Entries provided: Begin
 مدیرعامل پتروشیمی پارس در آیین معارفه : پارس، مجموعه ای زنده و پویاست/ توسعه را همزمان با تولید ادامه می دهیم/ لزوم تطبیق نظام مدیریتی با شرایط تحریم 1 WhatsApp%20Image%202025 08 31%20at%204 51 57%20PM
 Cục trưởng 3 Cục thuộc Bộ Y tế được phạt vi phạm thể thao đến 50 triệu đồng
Entries provided: End
Entries provided: Begin
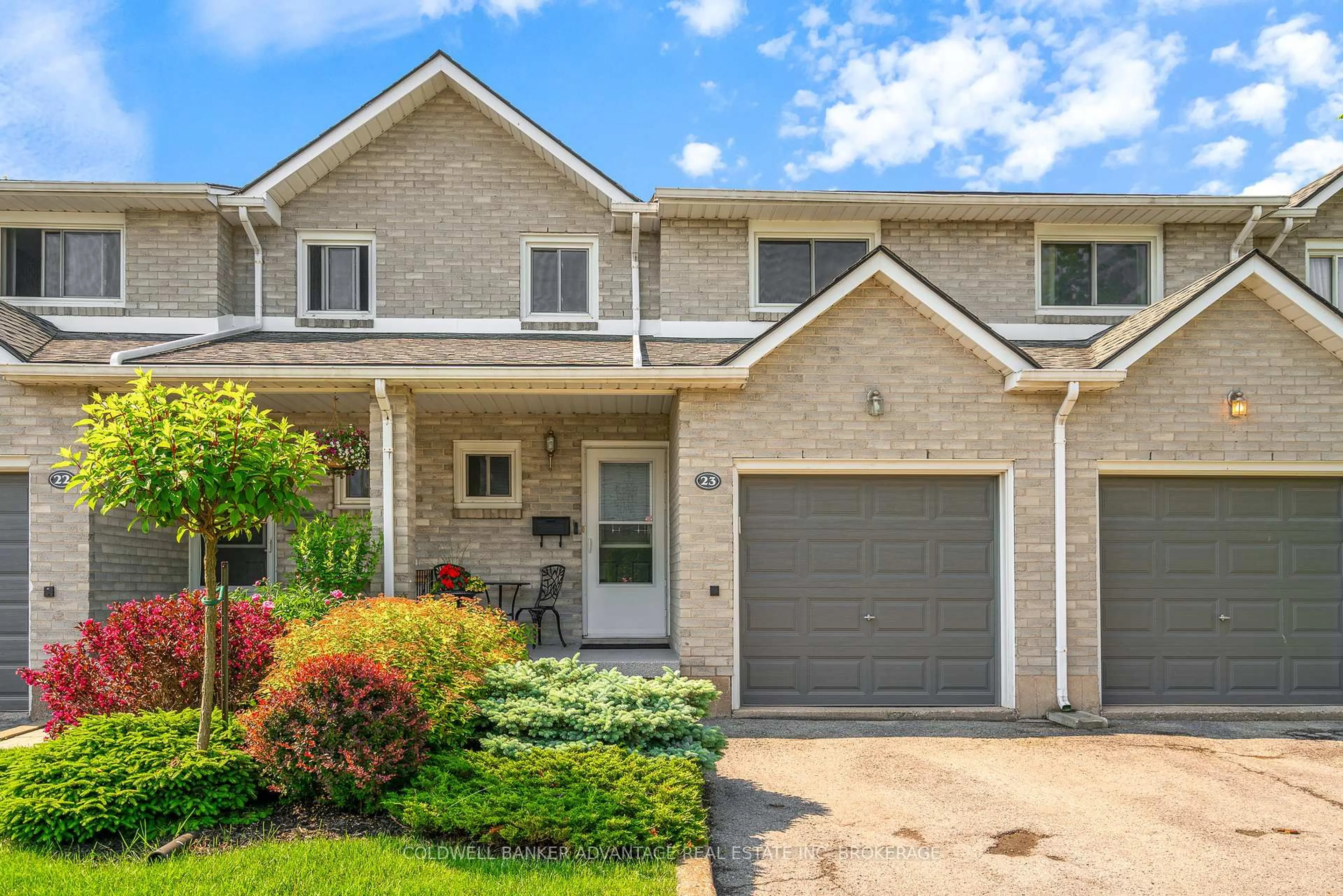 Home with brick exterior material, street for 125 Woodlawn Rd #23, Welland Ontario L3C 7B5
Entries provided: End
Task goal: In the listing above, find the line containing "مدیرعامل پتروشیمی پارس" and the line containing "Cục trưởng 3". Output them and every line between, exactly, and nothing else.

Problem solution:
 مدیرعامل پتروشیمی پارس در آیین معارفه : پارس، مجموعه ای زنده و پویاست/ توسعه را همزمان با تولید ادامه می دهیم/ لزوم تطبیق نظام مدیریتی با شرایط تحریم 1 WhatsApp%20Image%202025 08 31%20at%204 51 57%20PM
 Cục trưởng 3 Cục thuộc Bộ Y tế được phạt vi phạm thể thao đến 50 triệu đồng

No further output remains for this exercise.